I'll be interested in what SB's says.
A few of my pockets are having that problem and I am curious.

I also have a front loader and I also use Allens but I run it on whitest whites and b/c don't have sanitary.

G.


----------



## wawoof (Aug 17, 2003)

Quote:


Originally Posted by *GwenV*
I'll be interested in what SB's says.
A few of my pockets are having that problem and I am curious.

I also have a front loader and I also use Allens but I run it on whitest whites and b/c don't have sanitary.

G.

Did your pockets have this problem when you got them, or did it develop since you've had them? Have you used anything else (like oxyclean or bleach) with your sticky pockets other than Allen's? Just trying to figure out what could be causing this problem...


----------



## gelfnrach (Sep 13, 2005)

All of my pockets get this way after about 4 washes. I use sensi clean and nothing else...
It drives me nuts! Maybe its the type of water, not what you use to wash?


----------



## jnmom (Sep 16, 2004)

interesting. Some of my fb's are sticky, but certain colors are really much smoother than others. All my fb's are the same age, but the white and hunter green ones, for example, are all really really smooth. The light blue ones are all 'crackled' looking The rest are in between. I read when I was learning to sew diapers that some PUL colors are stickier than others in the sewing machine. Also I wouldn't describe it as sticky.. more like tacky, but not majorly enough to impede stuffing.
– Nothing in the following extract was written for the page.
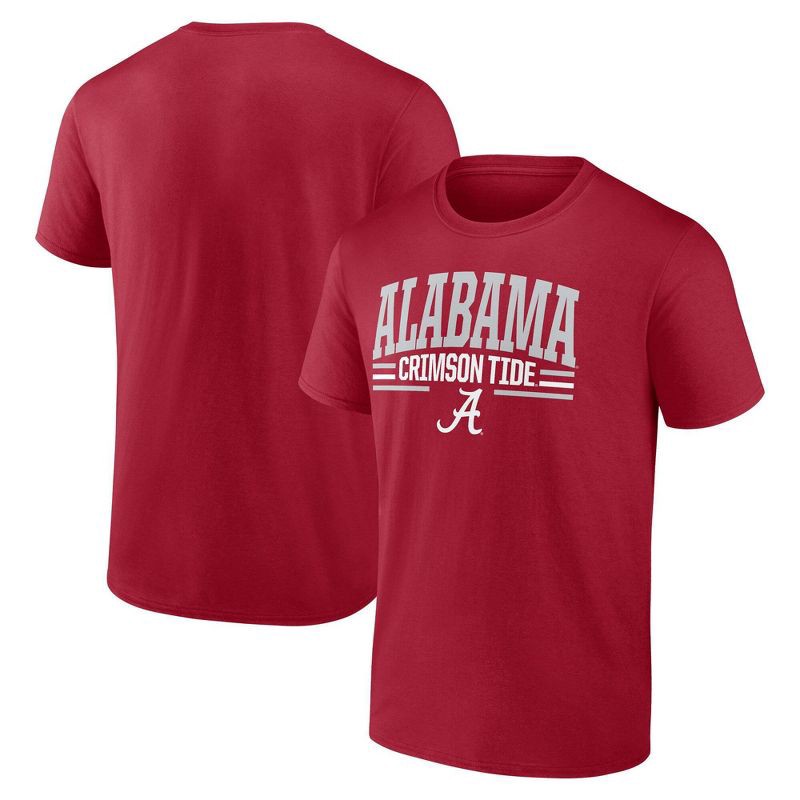 slide 3 of 3, NCAA Alabama Crimson Tide Men's Bi-Blend T-Shirt - Cardinal Red XXL, 1 ct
I always wondered if it's a detergent residue/dryness question.


----------



## wawoof (Aug 17, 2003)

Quote:


Originally Posted by *gelfnrach*
All of my pockets get this way after about 4 washes. I use sensi clean and nothing else...
It drives me nuts! Maybe its the type of water, not what you use to wash?

Hmm, type of water... interesting possibility. I have hard water - how about you?


----------



## wawoof (Aug 17, 2003)

Quote:


Originally Posted by *jnmom*
interesting. Some of my fb's are sticky, but certain colors are really much smoother than others. All my fb's are the same age, but the white and hunter green ones, for example, are all really really smooth. The light blue ones are all 'crackled' looking The rest are in between. I read when I was learning to sew diapers that some PUL colors are stickier than others in the sewing machine. Also I wouldn't describe it as sticky.. more like tacky, but not majorly enough to impede stuffing.
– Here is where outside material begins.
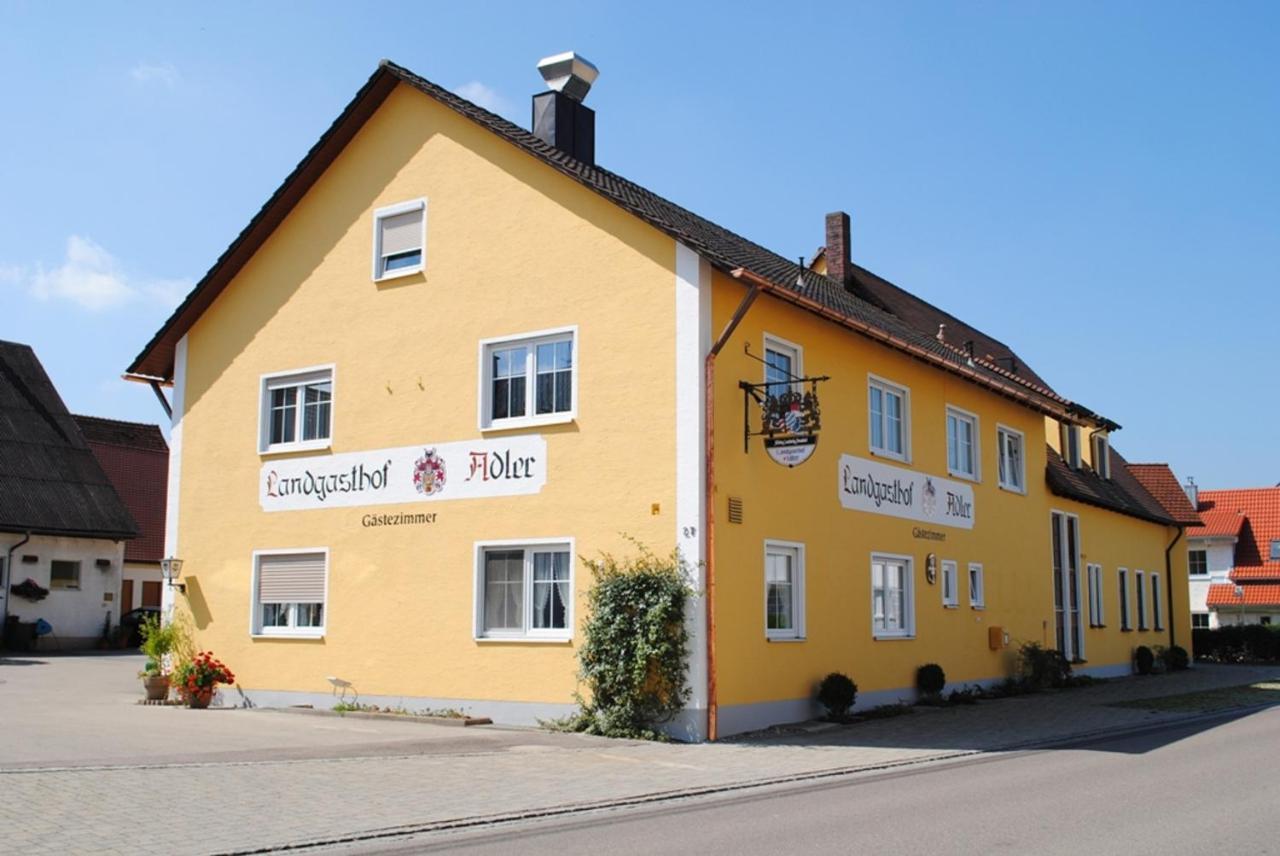 Landgasthof Adler Aislingen Buitenkant foto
I always wondered if it's a detergent residue/dryness question.

Hmm, mine are the whole rainbow - blue, green, yellow, orange, & red!


----------



## gelfnrach (Sep 13, 2005)

Quote:


Originally Posted by *wawoof*
Hmm, type of water... interesting possibility. I have hard water - how about you?

Nope I think my water is soft. I am just outside NYC


----------



## wannabe (Jul 4, 2005)

Just to add another to the mix - I have sticky FB's but not HH or SB. The FB's are peach and yellow - all about two months old.

Wash is dry, then cold wash with All free and clear (about 2 tbsp), hot wash (water only hot enough to shower in - so not very!), then line dry.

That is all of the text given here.